When inflation is considered, defense spending does not rise so sharply, and has major dips, indicating times when inflation decreased. When adjusted for inflation, the 2005 defense outlays are relatively close to the amount spent during the Vietnam War, or during the height of the Reagan military build-up. As a percentage of Gross Domestic Product, defense outlays grew by 33 percent between the years 2000 and 2005, increasing from 3 to 4 percent.

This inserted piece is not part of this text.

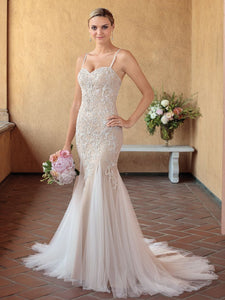 Casablanca Bridal Wedding Gown Pixie 2321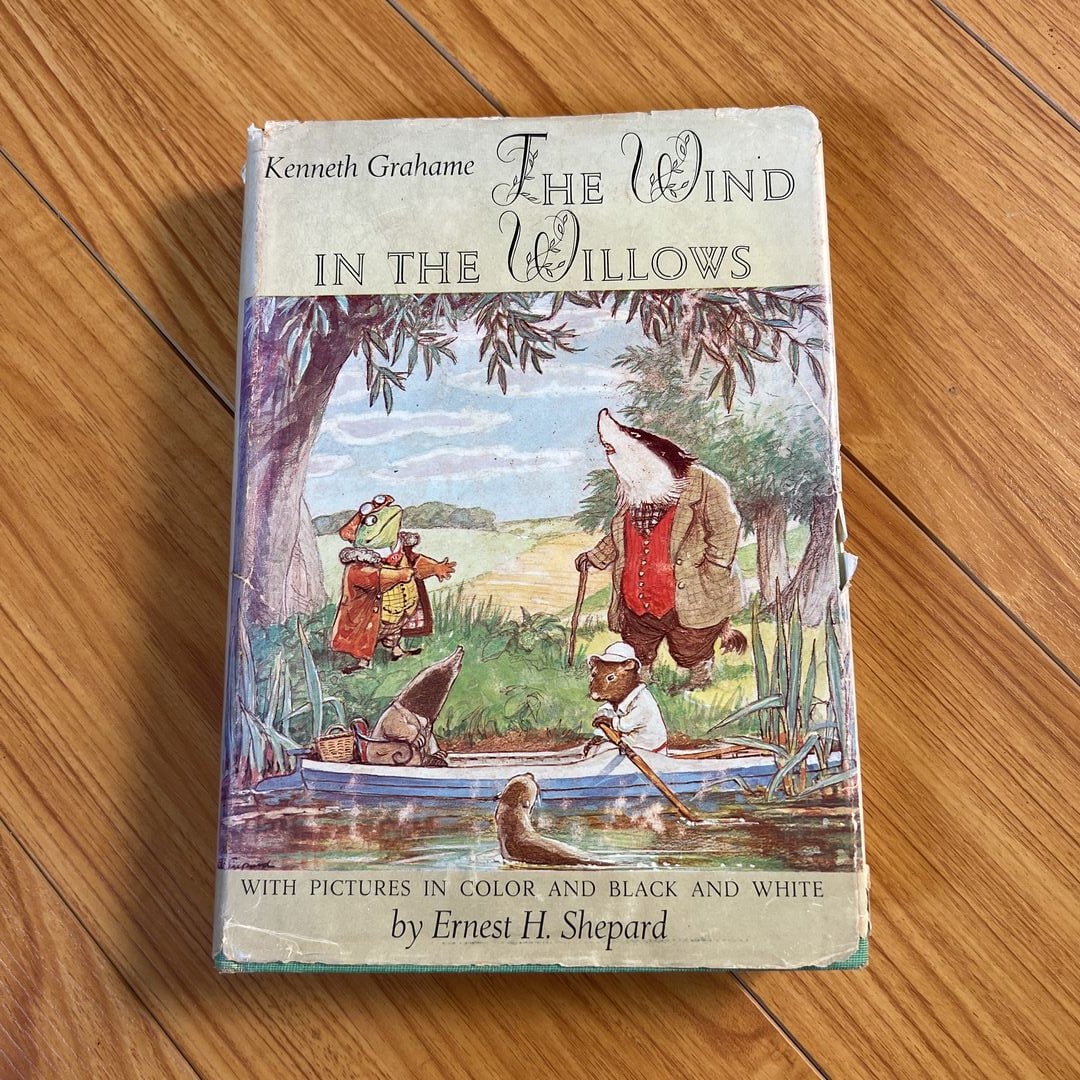 The Wind in the Willows by Kenneth Grahame , Hardcover | Pangobooks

The data show a general military build-up beginning in the mid 1970s. The fact that this buildup occurred during peacetime suggests a cultural change in the public perception of warfare and international relations. We no longer need a clear threat to justify increased military spending; any hint of a threat is reason enough. War has gotten into our culture, become a part of our identity as Americans. We have the right to wage war on anyone who threatens our way of life. American security is of paramount importance, and it can only be assured through global military dominance. Diplomacy is for the weak, and America is strong. We will pay any price to maintain the war machine, even if it means sacrificing our future by compromising the quality of our education, our environment, our health care, and our economy. It is our duty as patriotic citizens, and no cost is too high. These are the assumptions we operate under, and without examination, these assumptions can seem like truth.

We have heard the booming of the war-drum for so long that we have forgotten what it is to live without its sound. Modern media technology disseminates a skewed vision of reality more rapidly and more completely than ever before. This distorted perception forms the foundation of our collective Conventional Wisdom, what “everyone knows to be true.” The trends in defense spending analyzed above reflect the machinations of political leaders more than they reflect a true need. Reasons to increase defense outlays do exist, but they do not necessitate or justify such vast increases as the past forty years have seen.

It is arguable that all wars which the U.S. has been involved in since World War II were discretionary wars — fought not to defend ourselves or our allies, or because of a moral imperative, but rather wars that were fought for political or economic reasons. Such socioeconomic class-motivated decisions must be framed carefully to make them palatable to the public.

The Vietnam War was sold to us as necessary to prevent the spread of communism. Various covert [illegal] wars were fought or supported for similar purposes all throughout the 1970s and 1980s. The threat to our lifestyle posed by Soviet communism was a threat to the economic hegemony of our ruling upper-class, rather than a serious threat to our sovereignty or physical security. Our foreign policy encouraged the Soviet Union to try to match our military spending, creating a positive feedback loop leading to unprecedented militarization of our economy and our culture.

The current War on Terror offers a new “threat;” it is a war fought against the whole world, a war against human resistance to Western economic imperialism, a war that will only be won when the whole of humanity is “democratized” and “liberalized.” Let us ask ourselves: Given continuing economic globalization, are we really seeing a rise in terrorism, or are we seeing a rise in resistance to corporate coercion and the loss of national sovereignty and human rights that accompanies such economic “liberalization?”

No genuine threat to American sovereignty exists, and it is unwise to compromise so much for the sake of enriching war-profiteers and spreading economic liberalization. Real security is a strong economy, a clean environment, and a healthy, well-educated population. Many in our country are politically apathetic. We devalue our individual power as citizens, unaware of our options, myopically obedient to our government. It is lack of information and clear understanding of democracy and citizenship that limits us, rather than true lack of power. We have an enormous measure of influence over our government and over our lives, but we often choose to abdicate our power.